Abnormal glycogen chain length pattern, not hyperphosphorylation, is critical in Lafora disease

Felix Nitschke, Mitchell A. Sullivan, Peixiang Wang, Xiaochu Zhao, Erin E. Chown, Ami M. Perri, Lori Israelian, Lucia Juana-López, Paola Bovolenta, Santiago Rodríguez de Córdoba, Martin Steup, Berge A. Minassian

Research output: Contribution to journalArticlepeer-review

38 Scopus citations


Lafora disease (LD) is a fatal progressive epilepsy essentially caused by loss-of-function mutations in the glycogen phosphatase laforin or the ubiquitin E3 ligase malin. Glycogen in LD is hyperphosphorylated and poorly hydrosoluble. It precipitates and accumulates into neurotoxic Lafora bodies (LBs). The leading LD hypothesis that hyperphosphorylation causes the insolubility was recently challenged by the observation that phosphatase-inactive laforin rescues the laforin-deficient LD mouse model, apparently through correction of a general autophagy impairment.

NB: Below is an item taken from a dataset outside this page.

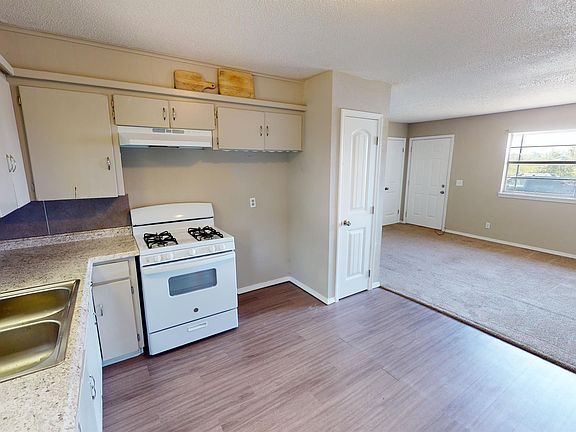 5th image of 503 E Main St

We were for the first time able to quantify brain glycogen phosphate. We also measured glycogen content and chain lengths, LBs, and autophagy markers in several laforin- or malin-deficient mouse lines expressing phosphatase-inactive laforin. We find that: (i) in laforin-deficient mice, phosphatase-inactive laforin corrects glycogen chain lengths, and not hyperphosphorylation, which leads to correction of glycogen amounts and prevention of LBs; (ii) in malin-deficient mice, phosphatase-inactive laforin confers no correction; (iii) general impairment of autophagy is not necessary in LD. We conclude that laforin's principle function is to control glycogen chain lengths, in a malin-dependent fashion, and that loss of this control underlies LD.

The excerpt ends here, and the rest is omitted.